═══ SUPPLIED ENTRIES ═══
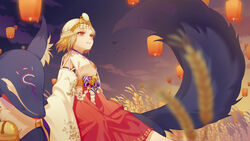  bell bird blurry blurry_foreground chinese_commentary cloud commentary_request depth_of_field detached_sleeves female hair_ornament hakama hakama_skirt highres japanese_clothes jingle_bell kouhaku_nawa lantern limao_jun long_sleeves looking_away looking_up miketsu_(onmyoji) miko mole mole_under_mouth night night_sky onmyoji outdoors paper_lantern red_eyes red_hakama ribbon-trimmed_clothes ribbon_trim rope shide shimenawa short_eyebrows short_hair skirt sky sky_lantern twilight wheat white_hair wide_sleeves 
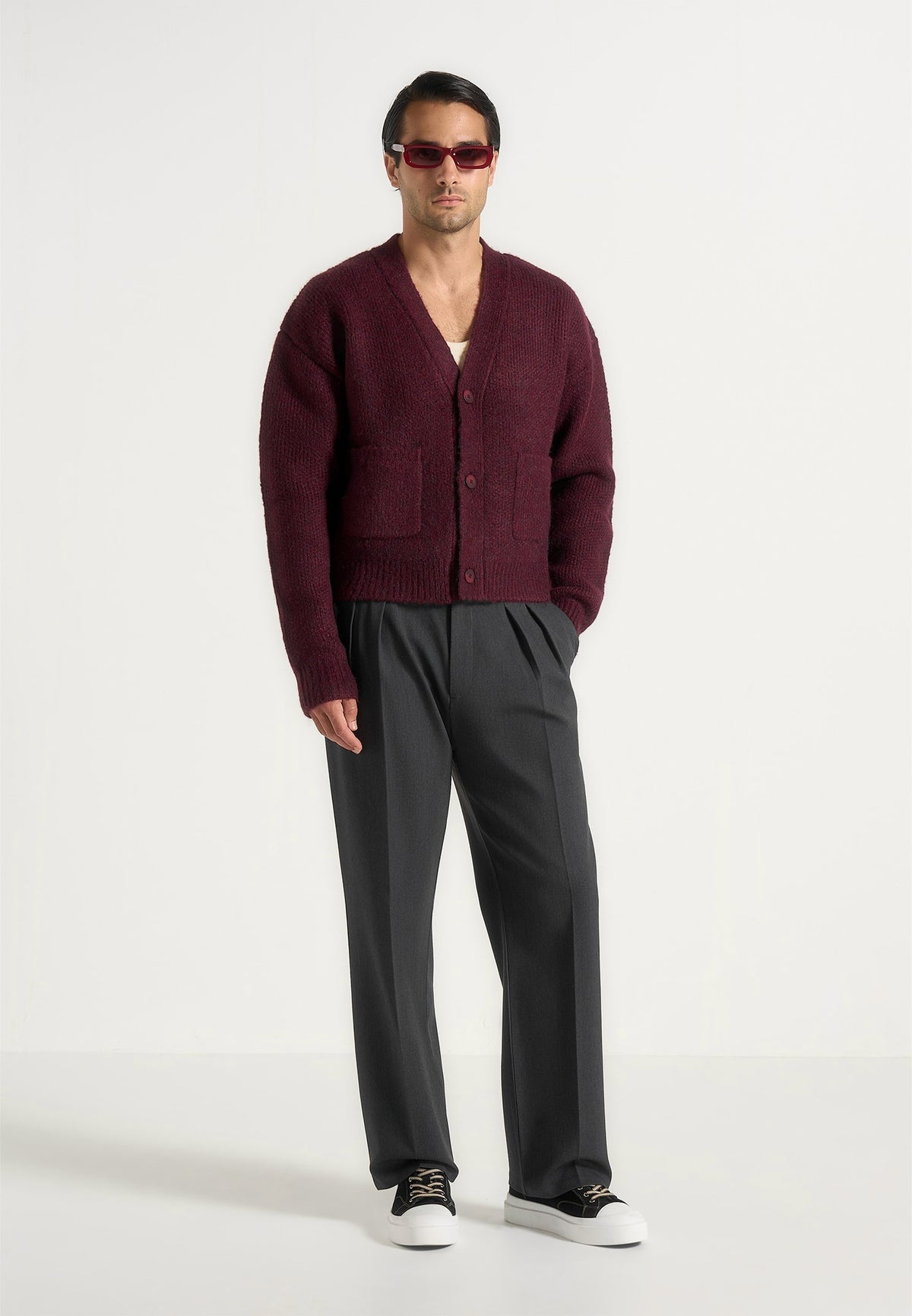 Charlie - Unisex Wool-Blend Knitted Cardigan - Wine Red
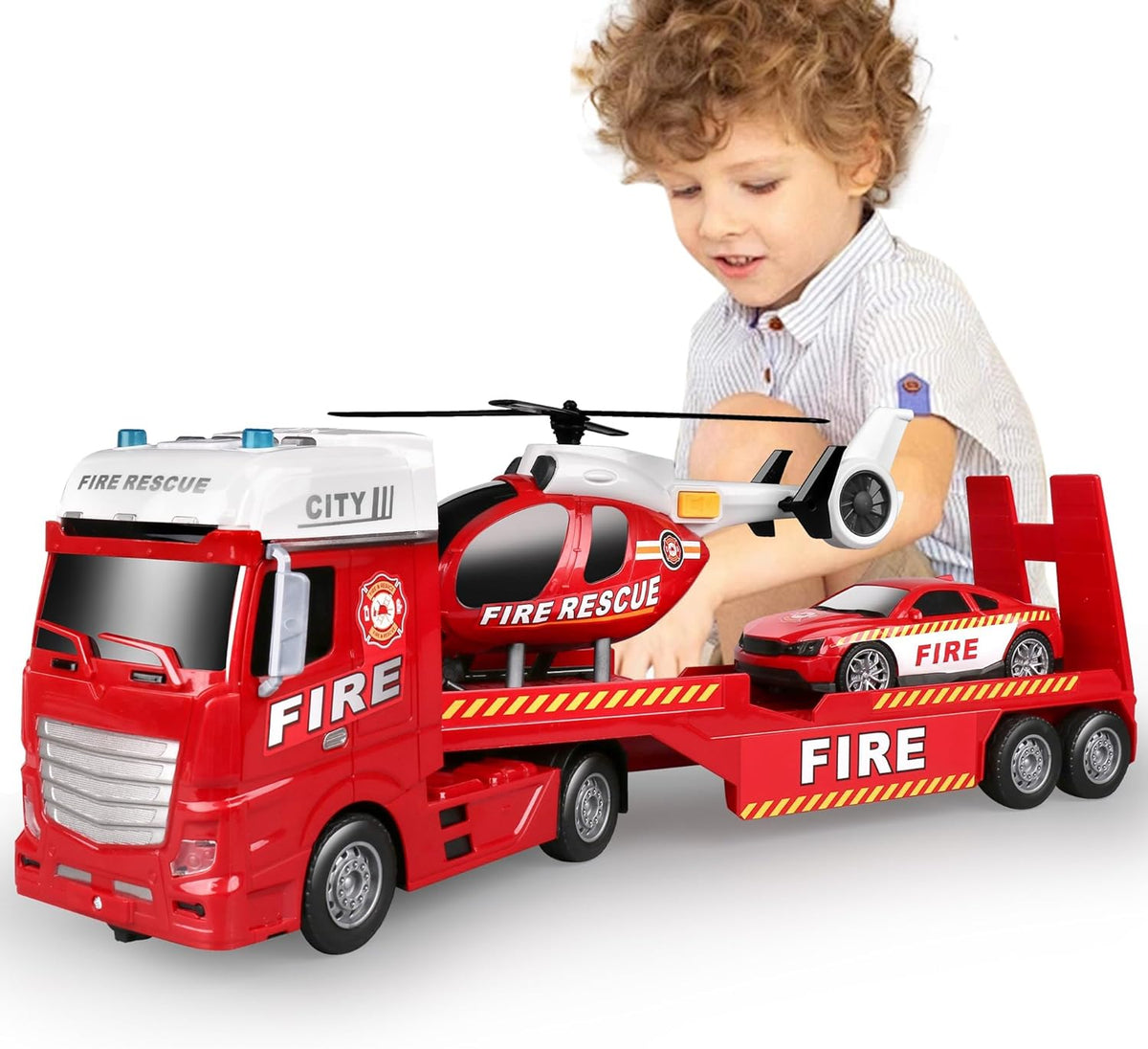 Dwi Dowellin Toddler Boy Toys for 3 4 5 6 Year Old - Fire Truck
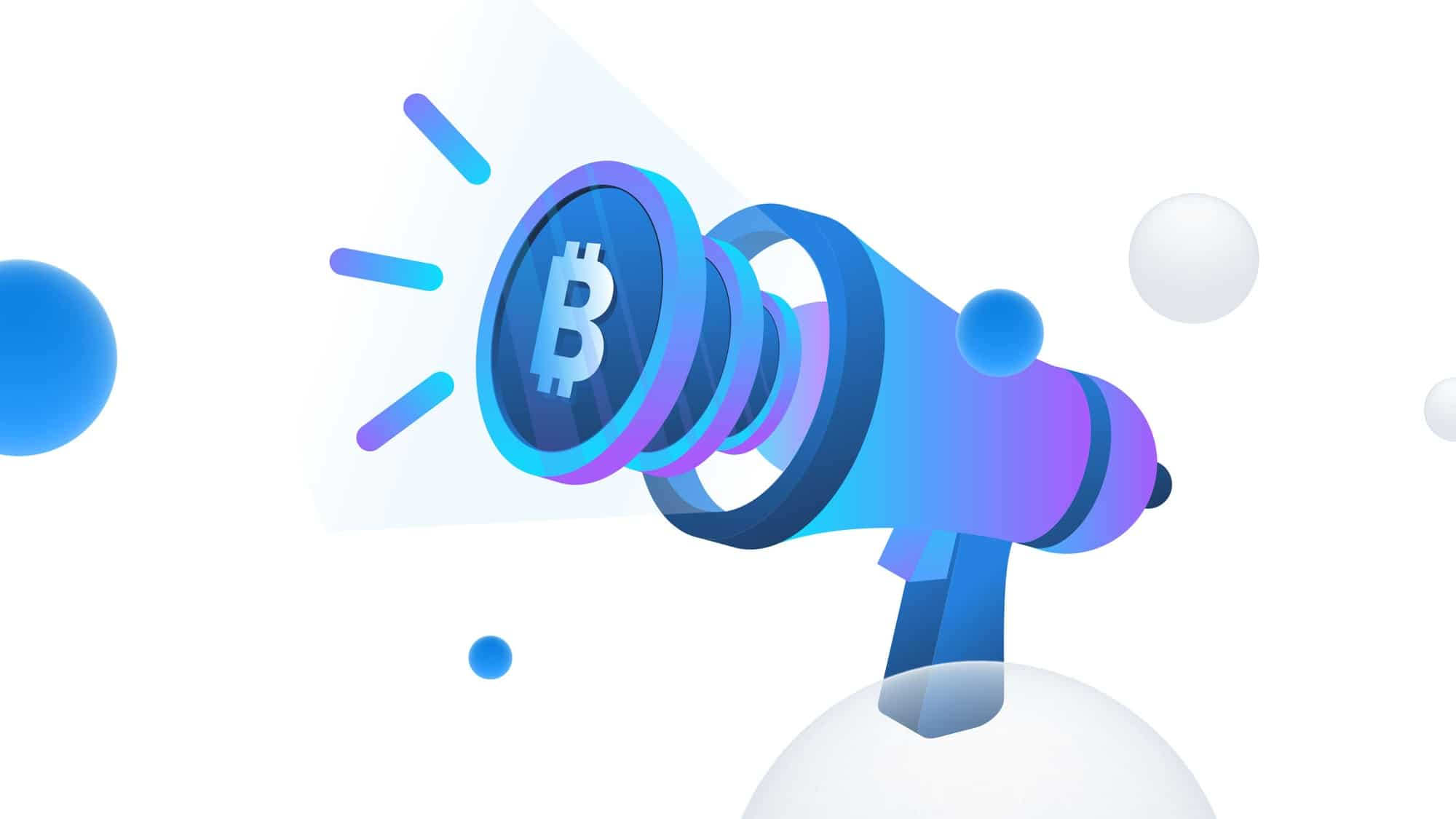 megaphone with bitcoin graphic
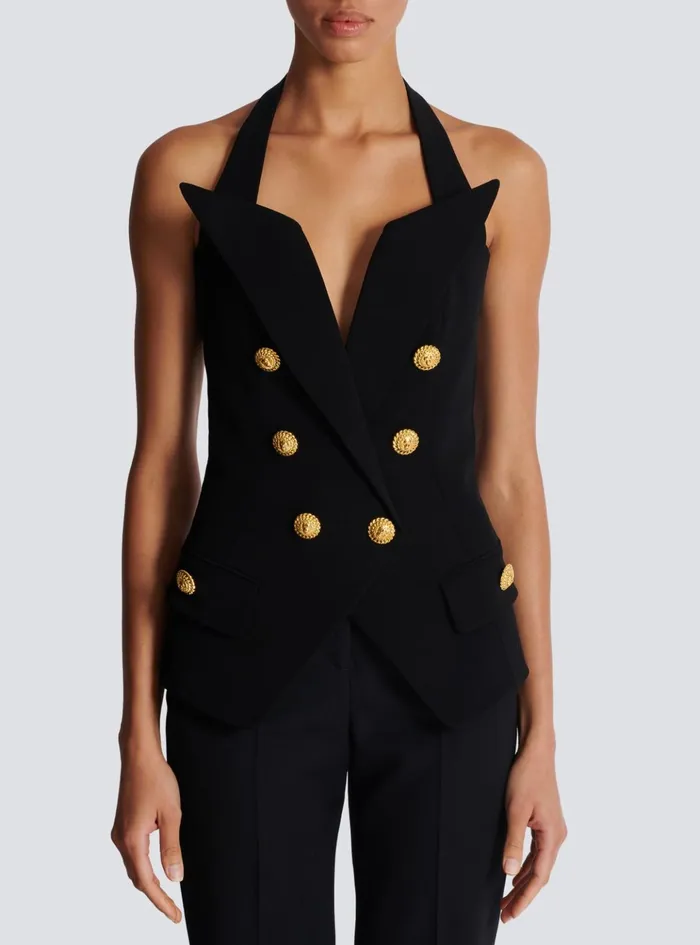 Structured Crepe Top Black Women Balmain Tops And Shirts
═══
◆ **TRY IT**
Please reproduce the entries above exactly, from their first line to the line holding "Charlie - Unisex" inclusive, and nothing else; the pictures stay out.

◆ **SOLVED EXERCISE**
  bell bird blurry blurry_foreground chinese_commentary cloud commentary_request depth_of_field detached_sleeves female hair_ornament hakama hakama_skirt highres japanese_clothes jingle_bell kouhaku_nawa lantern limao_jun long_sleeves looking_away looking_up miketsu_(onmyoji) miko mole mole_under_mouth night night_sky onmyoji outdoors paper_lantern red_eyes red_hakama ribbon-trimmed_clothes ribbon_trim rope shide shimenawa short_eyebrows short_hair skirt sky sky_lantern twilight wheat white_hair wide_sleeves 
 Charlie - Unisex Wool-Blend Knitted Cardigan - Wine Red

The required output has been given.